YOUR GOAL
Your task is to reproduce exactly the lines from the one containing "Guests in formal" through the last line below, both ends included, and nothing else, with no pictures.
::::::::::
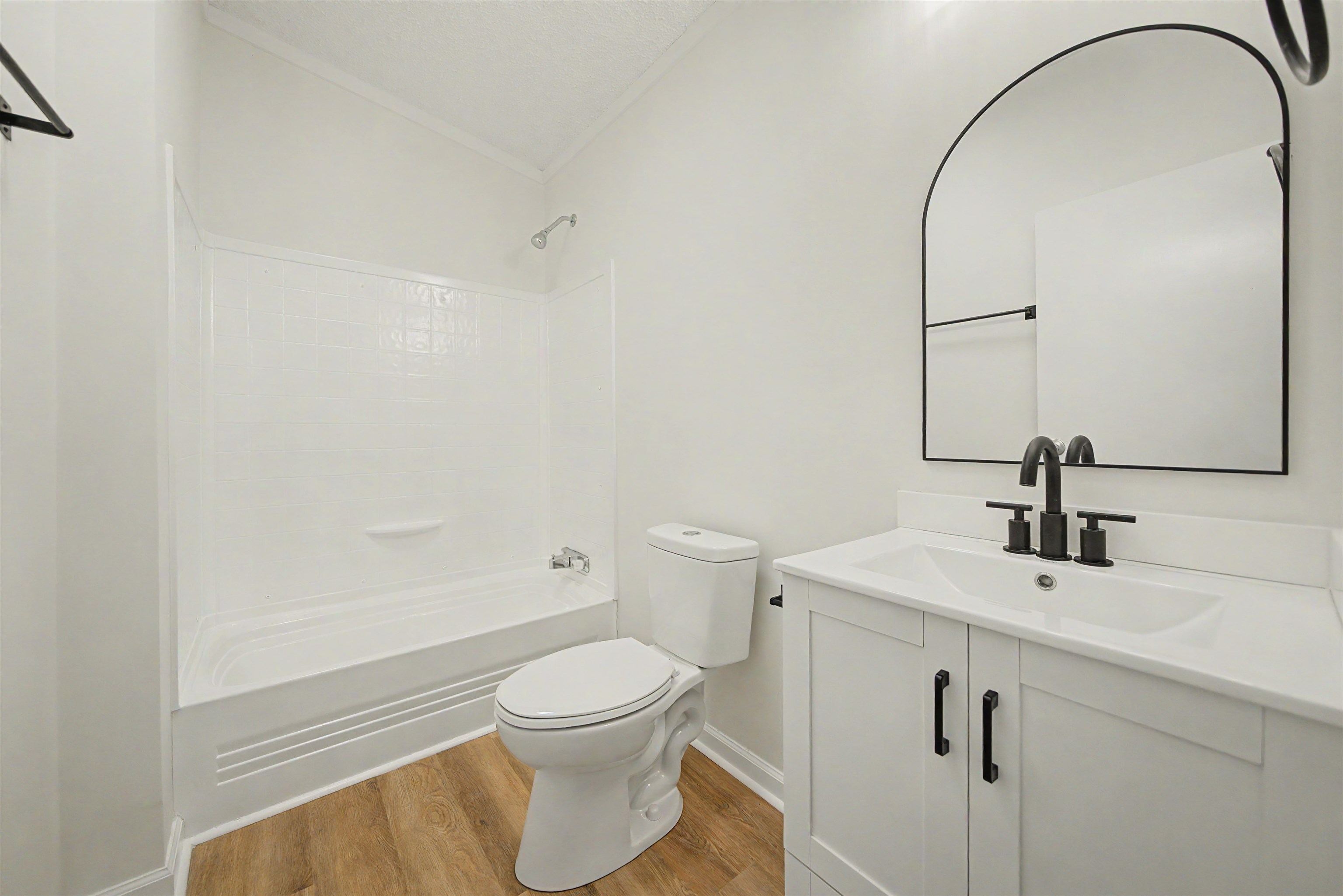 890 Burks Road Savannah, TN 38372 - Photo 20 of 40 a bathroom with a sink a toilet and shower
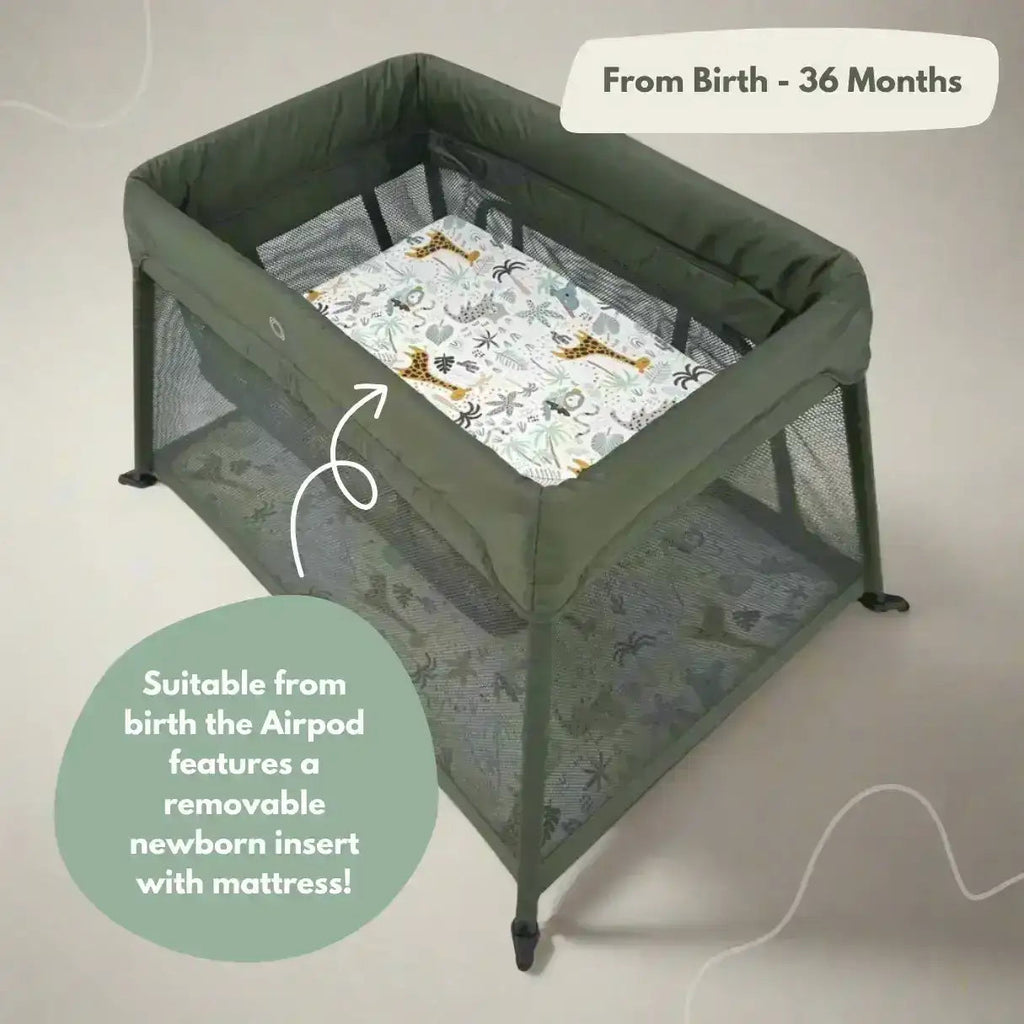 Green baby playpen with a removable newborn insert on a light gray background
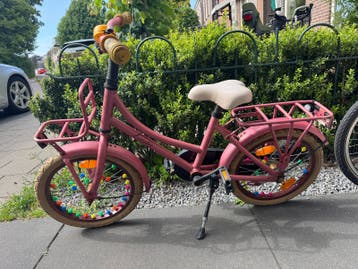 Roze kinderfiets, altijd buiten gestaan, doet het prima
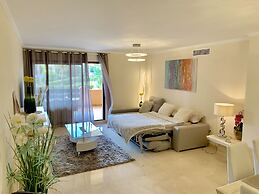 Casares Beach Golf Apartment With Private Garden and Pool Access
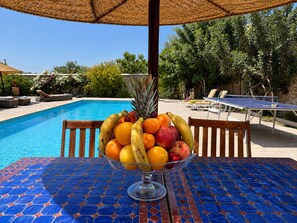 Ein Poolbereich mit Tisch, Stühlen und einer Obstschale.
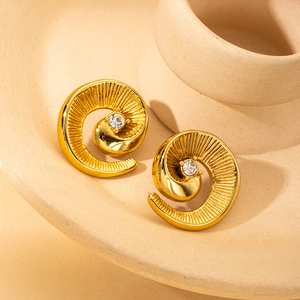 Detail of golden spiral flower earring with central crystal and radial texture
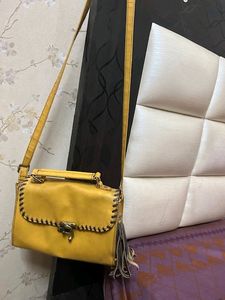 at half rate now mustard hand bag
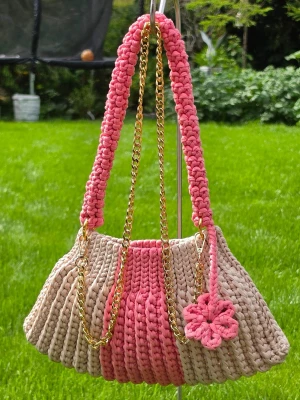 Beige och rosa virkad handväska - Unik handväska i beige och rosa, virkad i tjockt garn med guldfärgade kedjedetaljer. Väskan har en bred axelrem och en dekorativ virkad blomma i rosa. Perfekt för dig som gillar färg och handgjorda accessoarer.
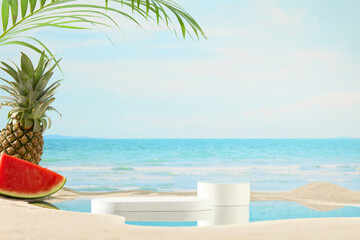 Photo of the summer seaside with frontal angle, coconut leaves and tropical fruits like pineapple and watermelon decorated in the left corner, in center of the beach has two showcase podiums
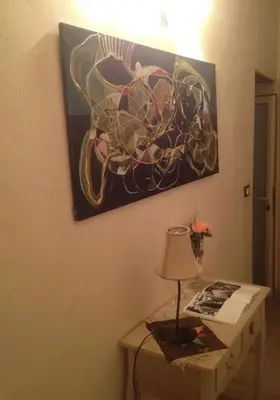 a table with a lamp and a painting on the wall at B&B Domus Dei Cocchieri in Palermo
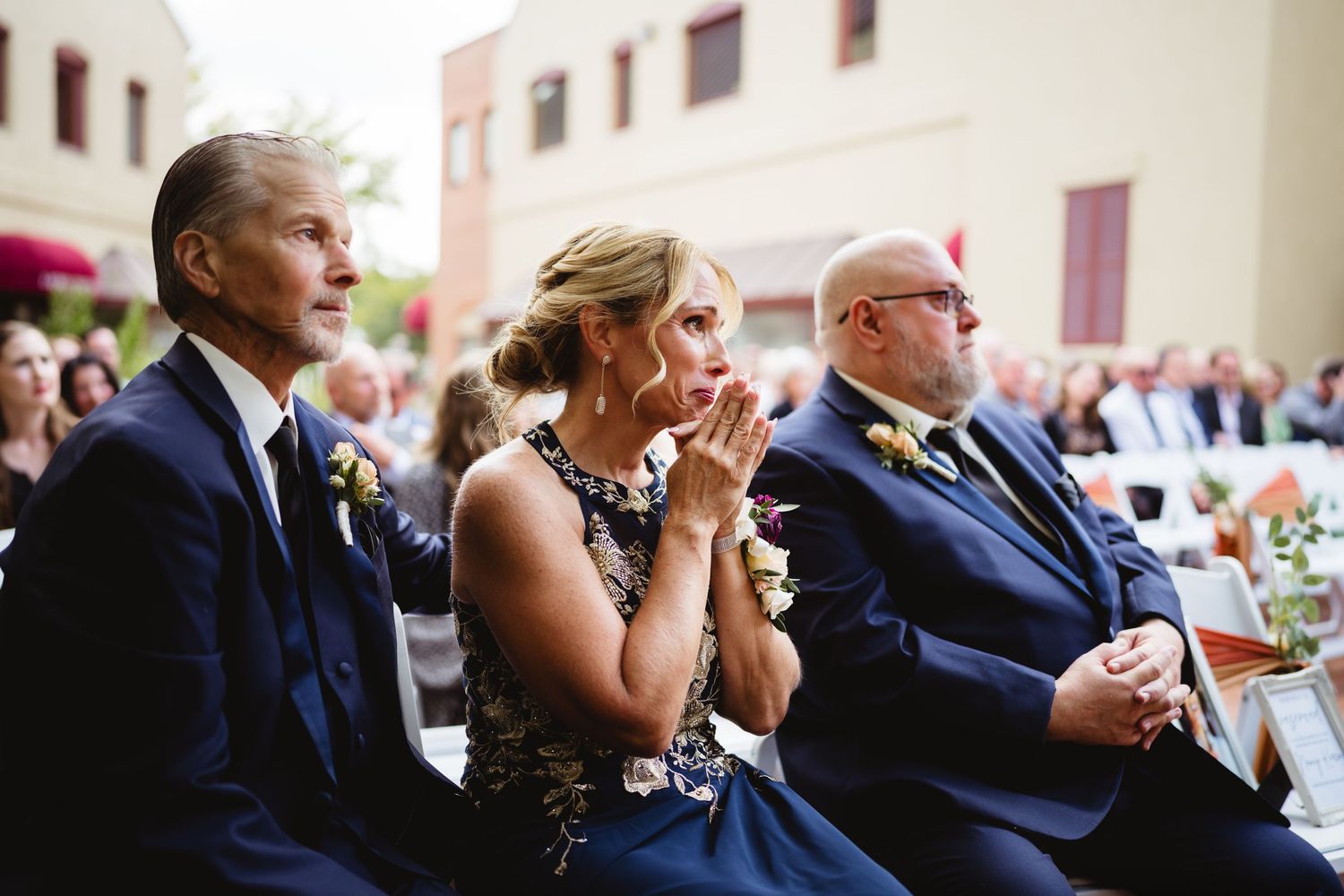 Guests in formal attire sit in rows during a wedding ceremony, reacting emotionally to the proceedings.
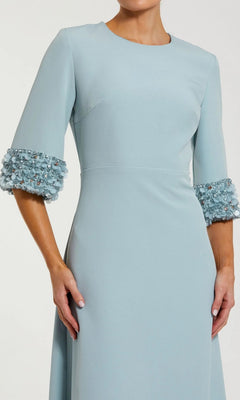 A woman is wearing the Mac Duggal 2342 long formal dress in light blue, featuring modest elbow-length sleeves, elegant beaded cuffs, and 3D floral embellishments.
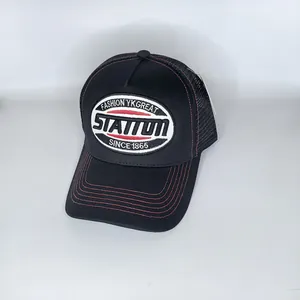 Detail der schwarzen Mesh-Trucker-Kappe mit weißer Stickerei und roten Kontrastnähten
::::::::::
RESPONSE BELOW
 Guests in formal attire sit in rows during a wedding ceremony, reacting emotionally to the proceedings.
 A woman is wearing the Mac Duggal 2342 long formal dress in light blue, featuring modest elbow-length sleeves, elegant beaded cuffs, and 3D floral embellishments.
 Detail der schwarzen Mesh-Trucker-Kappe mit weißer Stickerei und roten Kontrastnähten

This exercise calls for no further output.